Try it - Extract precisely the lines that run from the line containing "The image shows" to the end of the records below, with both ends included and pictures omitted.

(Short text fragments from websites)
---+---

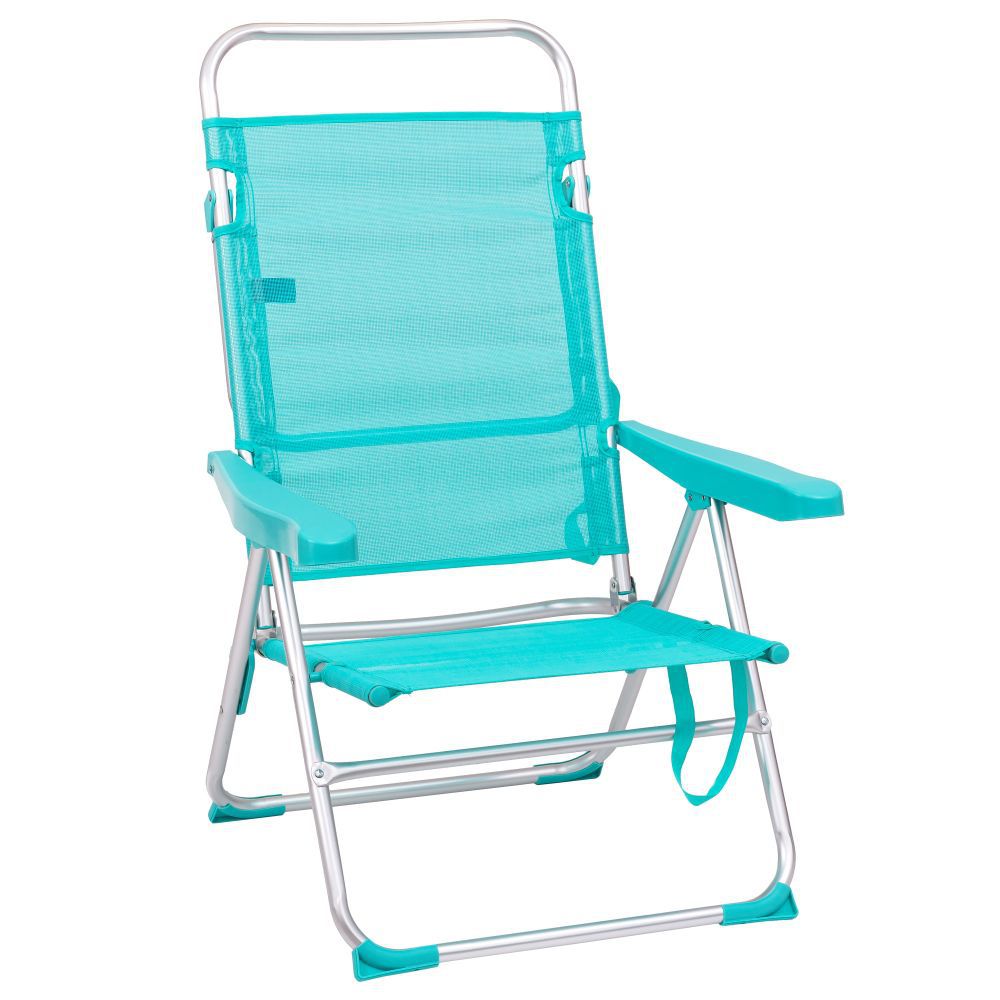 SILLA 4 POS.ALTA ALUM / TEXT. AGUAMARINA 55 X 62 X 100 CM TUBO ALUMINIO 22 MM - TEXTILENO 1 X 1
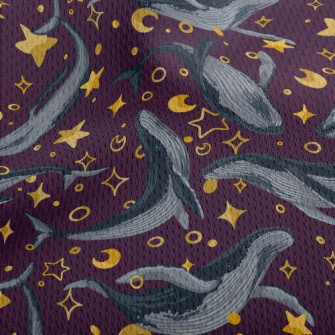 Hand Drawn Whale And Stars Athletic Mesh Flat Back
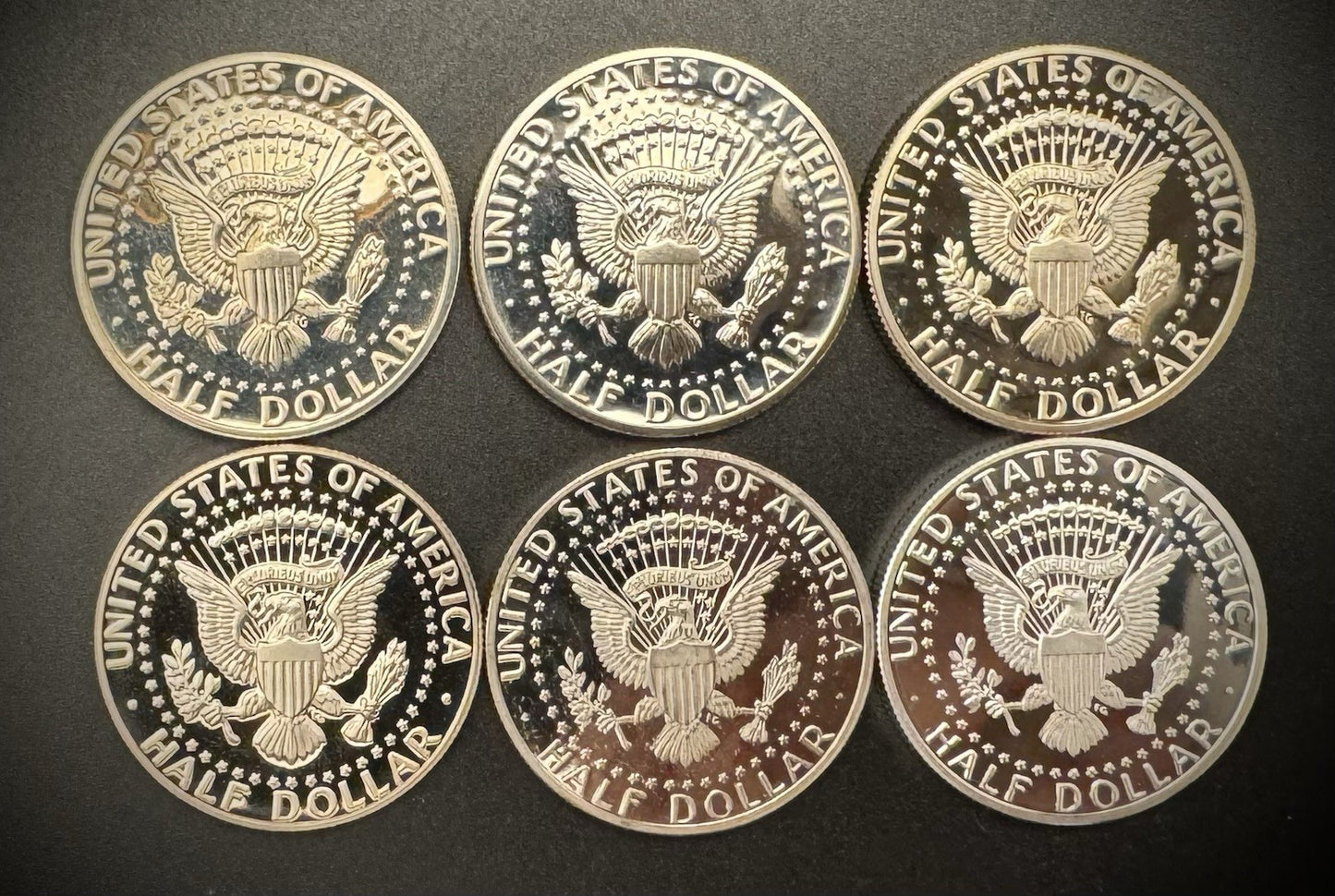 Impaired Kennedy Half Dollar PROOF Coin Lot Of 5 Clad & 1 Silver Coin READ MORE!1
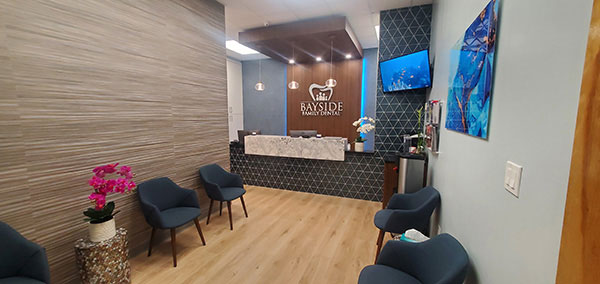 The image shows an interior space that appears to be a waiting area within a dental office or similar healthcare facility.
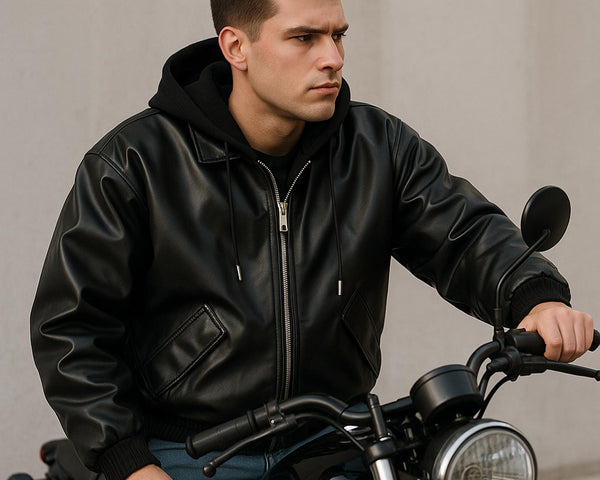LMG Men's Black Faux Leather Hoodie Jacket - S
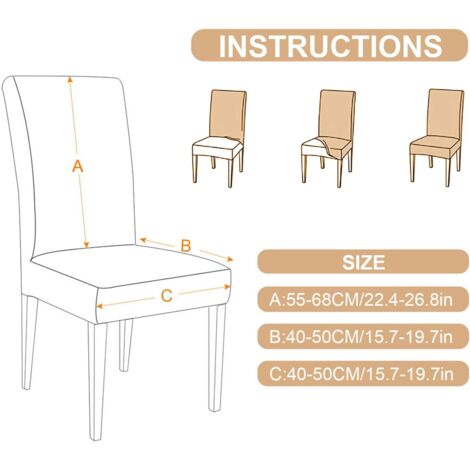 Lot De 2 Housses De Chaise Extensibles Universelles - Tissu élastique (92% Polyester, 8% Spandex) - Lavable, Pour Salle à Manger, Mariage, Banquet - Beige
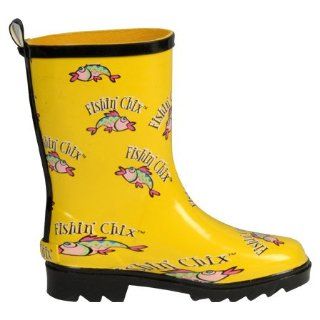 Fishin Chix Girls Fishing Boot Rain Boots,Yellow Logo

---+---

Answer box -
 The image shows an interior space that appears to be a waiting area within a dental office or similar healthcare facility.
LMG Men's Black Faux Leather Hoodie Jacket - S
 Lot De 2 Housses De Chaise Extensibles Universelles - Tissu élastique (92% Polyester, 8% Spandex) - Lavable, Pour Salle à Manger, Mariage, Banquet - Beige
 Fishin Chix Girls Fishing Boot Rain Boots,Yellow Logo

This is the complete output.